Task instructions:
Please make an exact transcription of all the data that follows.

** Provided entries follows **

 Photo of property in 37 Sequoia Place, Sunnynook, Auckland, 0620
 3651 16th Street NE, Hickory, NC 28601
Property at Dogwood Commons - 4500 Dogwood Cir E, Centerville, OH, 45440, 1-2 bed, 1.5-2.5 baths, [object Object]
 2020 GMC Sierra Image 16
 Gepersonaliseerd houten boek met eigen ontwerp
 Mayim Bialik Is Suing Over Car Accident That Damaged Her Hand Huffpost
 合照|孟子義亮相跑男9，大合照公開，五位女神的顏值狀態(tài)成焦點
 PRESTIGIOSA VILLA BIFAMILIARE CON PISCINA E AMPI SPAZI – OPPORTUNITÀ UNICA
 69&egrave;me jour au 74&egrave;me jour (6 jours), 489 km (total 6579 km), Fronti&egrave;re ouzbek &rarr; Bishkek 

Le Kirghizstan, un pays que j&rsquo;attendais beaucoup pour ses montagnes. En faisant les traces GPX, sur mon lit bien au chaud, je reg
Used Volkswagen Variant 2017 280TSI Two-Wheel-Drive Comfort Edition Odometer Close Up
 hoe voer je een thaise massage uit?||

** End of Provided entries **

Task solution:
 Photo of property in 37 Sequoia Place, Sunnynook, Auckland, 0620
 3651 16th Street NE, Hickory, NC 28601
Property at Dogwood Commons - 4500 Dogwood Cir E, Centerville, OH, 45440, 1-2 bed, 1.5-2.5 baths, [object Object]
 2020 GMC Sierra Image 16
 Gepersonaliseerd houten boek met eigen ontwerp
 Mayim Bialik Is Suing Over Car Accident That Damaged Her Hand Huffpost
 合照|孟子義亮相跑男9，大合照公開，五位女神的顏值狀態(tài)成焦點
 PRESTIGIOSA VILLA BIFAMILIARE CON PISCINA E AMPI SPAZI – OPPORTUNITÀ UNICA
 69&egrave;me jour au 74&egrave;me jour (6 jours), 489 km (total 6579 km), Fronti&egrave;re ouzbek &rarr; Bishkek 

Le Kirghizstan, un pays que j&rsquo;attendais beaucoup pour ses montagnes. En faisant les traces GPX, sur mon lit bien au chaud, je reg
Used Volkswagen Variant 2017 280TSI Two-Wheel-Drive Comfort Edition Odometer Close Up
 hoe voer je een thaise massage uit?||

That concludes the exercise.